Mali massacre

Jehadi groups like Al Mourabitoun, which struck in Mali killing close to 30 people, have had a free run in the region after the military campaign that toppled Muammar Qaddafi’s government in Libya.

Published : Nov 25, 2015 12:30 IST

People flee from Radisson Blu Hotel in Bamako, where terrorists struck, on November 20.

People flee from Radisson Blu Hotel in Bamako, where terrorists struck, on November 20.

Just a week after the heinous terror attack in Paris, a terror squad targeted a five-star hotel in Bamako, the capital of Mali. As many as 27 people, many of them foreigners, died in the attack on November 20. Twenty Indian nationals who were staying in the hotel escaped unhurt. But a person of Indian origin holding an American passport, Anita Ashok Datar, was among those killed. A local militant group, Al Mourabitoun, having links with Al Qaeda in the Maghreb (AQIM), has claimed responsibility for the attack. French Defence Minister Jean Yves Le Drian told the media that the notorious jehadi Mokhtar Benmokhtar was most probably the mastermind of the attack. Benmokhtar came to international attention for his role in the 2013 siege of an oil refinery in Algeria in which dozens of hostages, most of them foreigners, were killed. The Western media had on several occasions reported his death. But after every report of a successful drone attack on him, he has resurfaced dramatically.

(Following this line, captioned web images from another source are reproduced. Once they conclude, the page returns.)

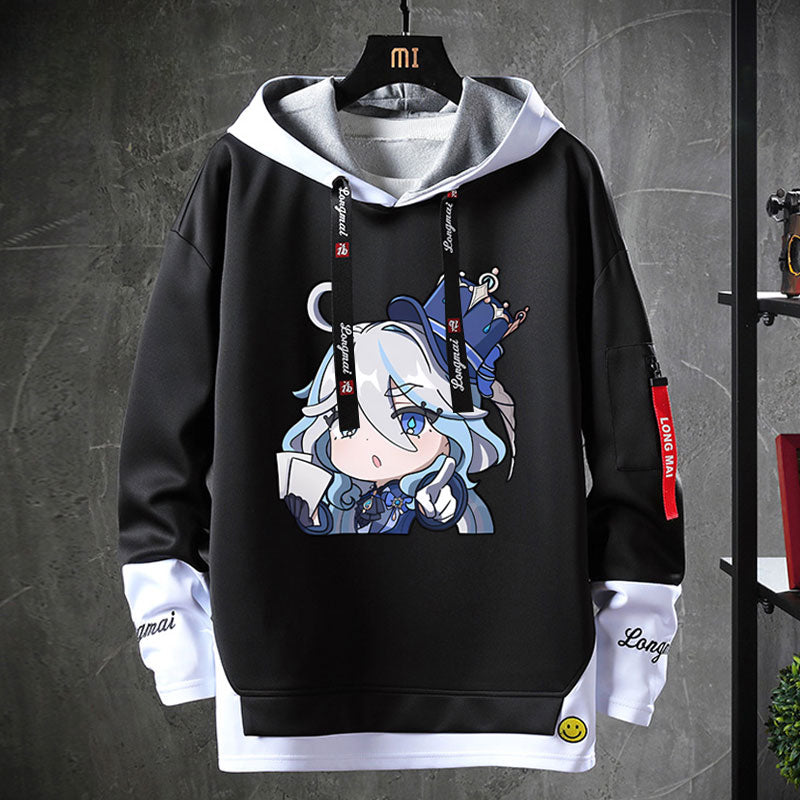 Unisex Game Furina Fake Two-piece Hoodie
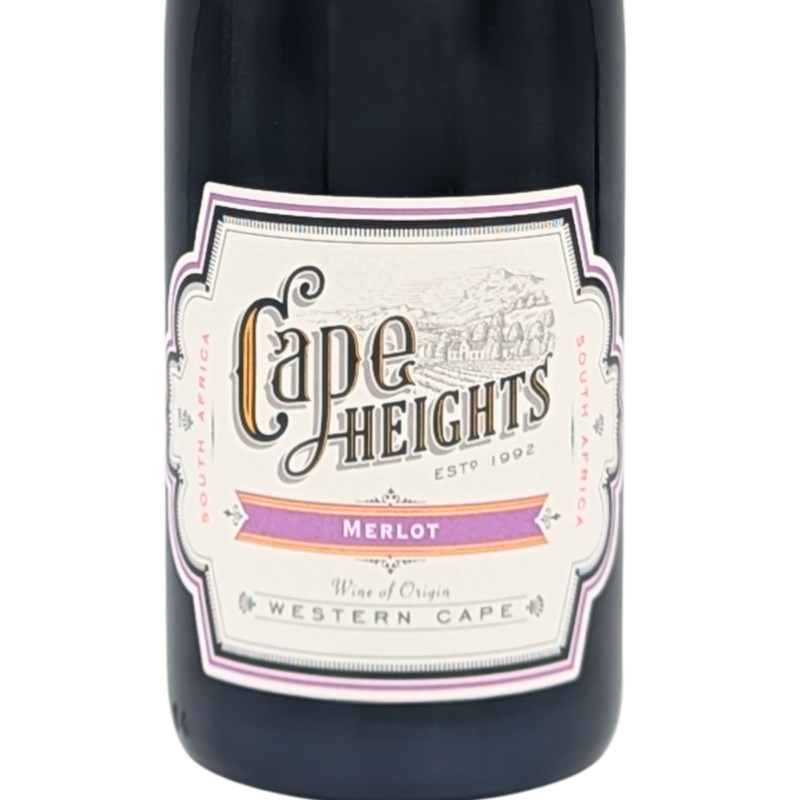 front label of a bottle of Cape Heights Merlot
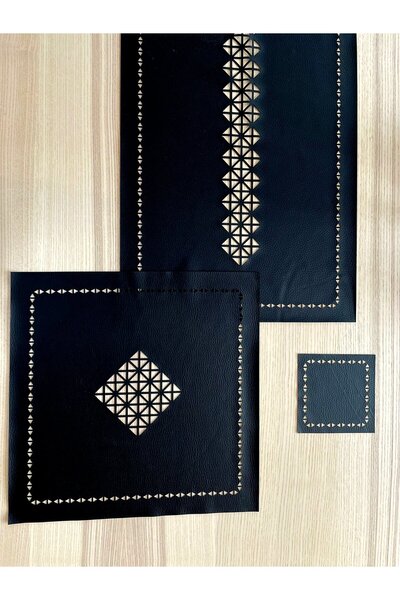 SOFT Siyah Supla, Üçgen Desenli (2 Supla + 2 Bardak Altlığı)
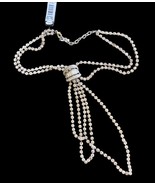 Beautiful CACHE Statement Necklace Rhinestones Elegant Lariat Knot NWT Gift - $645.87 MXN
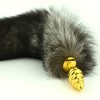 Nature black tail with stainless steel twist gold butt plug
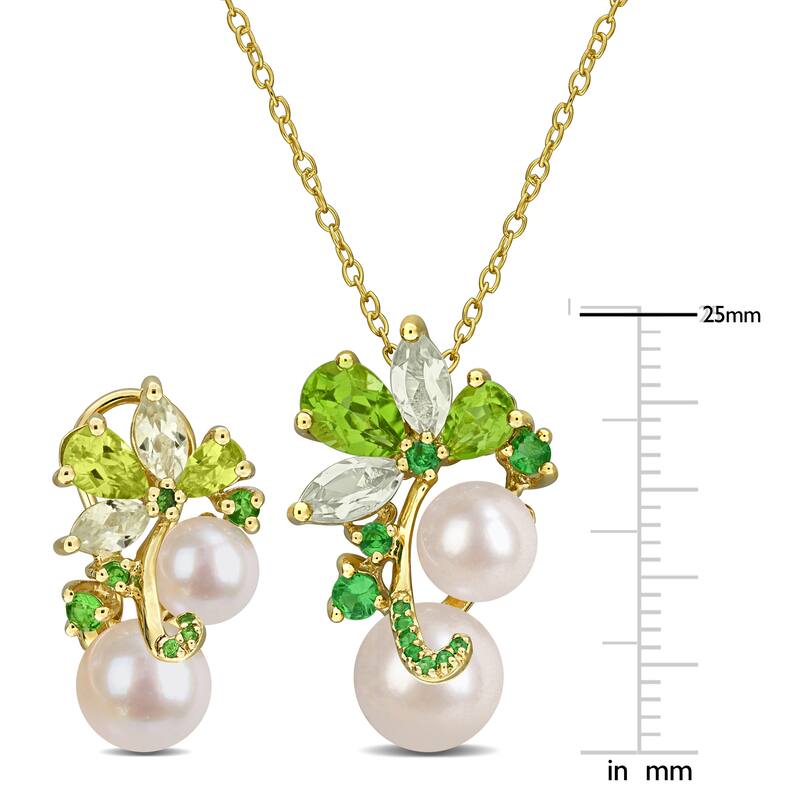 Miadora Sterling Silver Cultured Freshwater Pearl and Gemstone Necklace and Earring Set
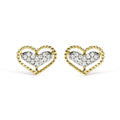 10k yellow gold 1/10 cttw diamond heart beaded halo stud earrings bijoux-nyc direct
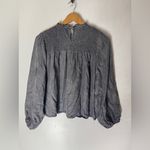 ZARA  Medium Gray Baby Doll Blouse Puff Sleeves Smock‎ Chest Photo 1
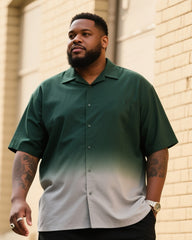 Big Men's Green Gradient Grey Short Sleeve Shirt Shorts Suit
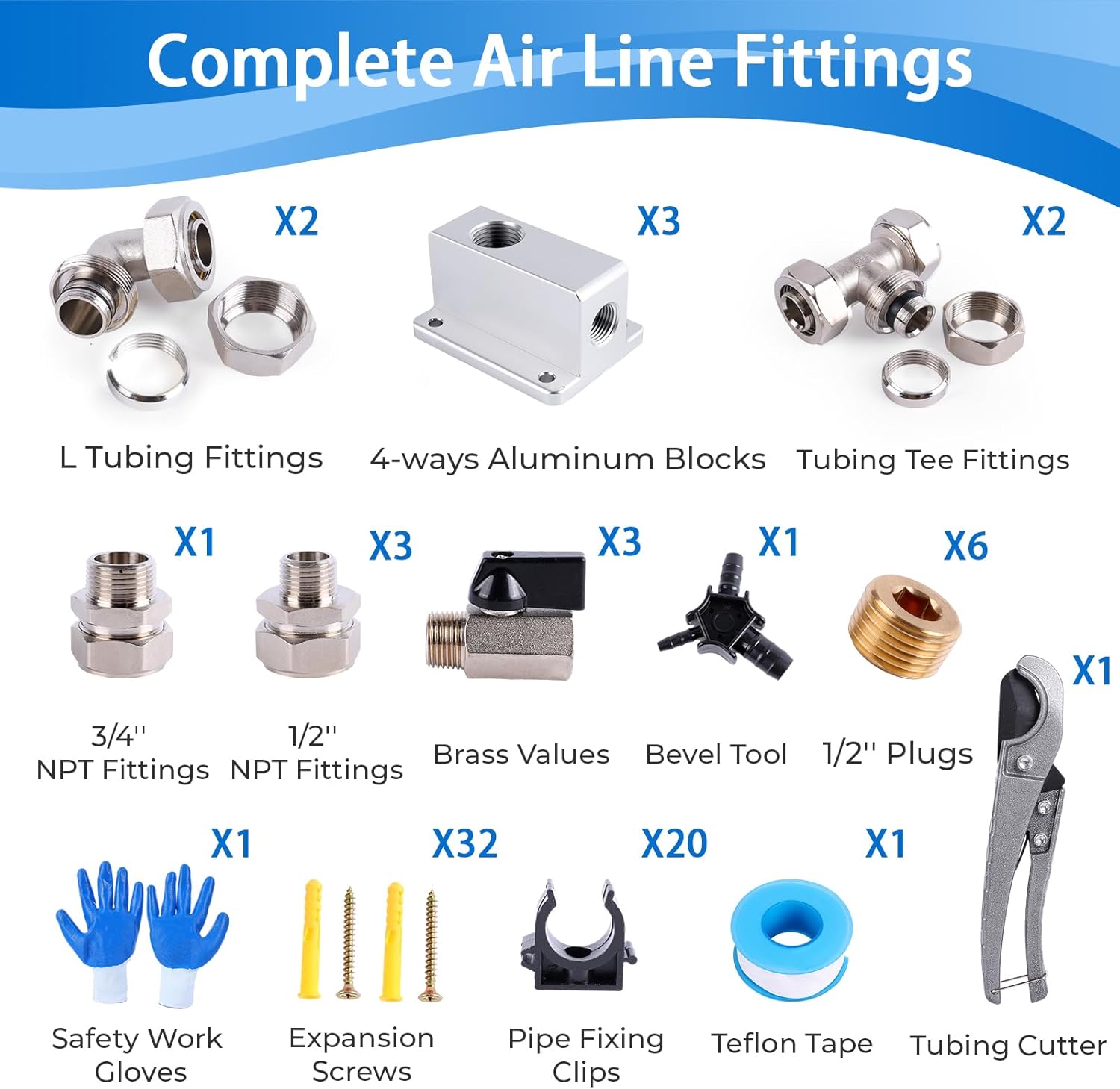 Shop Air Line Kit 3/4" × 100'&200'&300' HDPE-Aluminum-HDPE Air Tubing, Compressed Air Line Kit for Air Compressor Accessories, Leak Proof& Easy to Install Air Compressor Kit 3/4"×100FT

Al Mourabitoun issued a statement after the attack on the hotel demanding that the Malian state release its supporters held in Bamako and stop military operations in the north of the country. This group has been roaming in the ungoverned desert areas bordering Libya, Mali and Niger unhindered for years. The military campaign in Libya, inspired by the French and “led from behind” by the United States, which toppled the secular government of Muammar Qaddafi, plunged the region into chaos, giving jehadi groups a free run. The chaos and anarchy that gripped Libya soon spread into neighbouring Mali.

The Tuareg ethnic group, which has been long discriminated against in Mali, launched a revolt against the Central government. The Tuareg rebels, flush with weapons from Libya, in alliance with other militant groups, including those aligned with Al Qaeda, overran the north of the country and were threatening to march to the capital in 2012. It was French military intervention that saved the government and helped liberate the north of the country in 2013. The French have retained a strong military presence in the country ever since.

Since then, Bamako and other towns have been targeted by terrorists. Forty members of the United Nations’ peace-keeping mission in the country have been killed in skirmishes with rebel groups and terrorists in the past two years. There were smaller terror attacks earlier in the year on another hotel and a restaurant in Bamako. Hotels where U.N. forces are put up have been targeted in different parts of the country by rebel groups as well as terrorists. “We don’t want to scare our people, but we have already said that Mali will have to get used to situations like this,” President Ibrahim Baboucar Keita said after the latest terror attack.

From available indications, the Bamako attack was an Al Qaeda-inspired one aimed at reassuring its followers that it was still in business and was not being elbowed out by the Islamic State (I.S.). The credit for the attack on the Charlie Hebdo office in Paris in January this year was also claimed by the Al Qaeda branch in Yemen. Al Qaeda, meanwhile, has been accusing the I.S. of indulging in overkill and wanton cruelty. In the Paris attack, many Muslims were among those killed. After the Mali attack, Al Qaeda claimed that it took care to spare the Muslims among the hostages it had taken in the hotel. They were told to recite verses from the Quran and allowed to go. In the past couple of years it is the I.S. that has become more media savvy with its high-profile terror hits worldwide. The I.S. attack in Paris could have been part of the effort to show that it is a much more lethal and potent jehadi group than Al Qaeda.

Boko Haram, the most deadly

The spate of attacks in Mali in particular and West Africa in general has shown that the problem of terrorism has become intractable. The Boko Haram, which has its roots in northern Nigeria, has now outdone the I.S. and Al Qaeda in its brutality. It has spread into neighbouring countries. The Boko Haram has been accepted by the I.S. as an affiliate. In the third week of November, following the Paris attacks, the group staged a series of terrorist attacks killing more than a hundred people in the northern Nigerian towns of Yola and Kano. Kano was hit by two suicide bomb attacks in quick succession on November 17 and 18. The Global Terror Index released by the Washington-based Institute of Economics and Peace has dubbed the Boko Haram “the most deadly terrorist group in the world”. The report noted that the number of deaths caused by the group in 2014 was 6,644. The I.S. was responsible for the deaths of 6,073 people in the same year.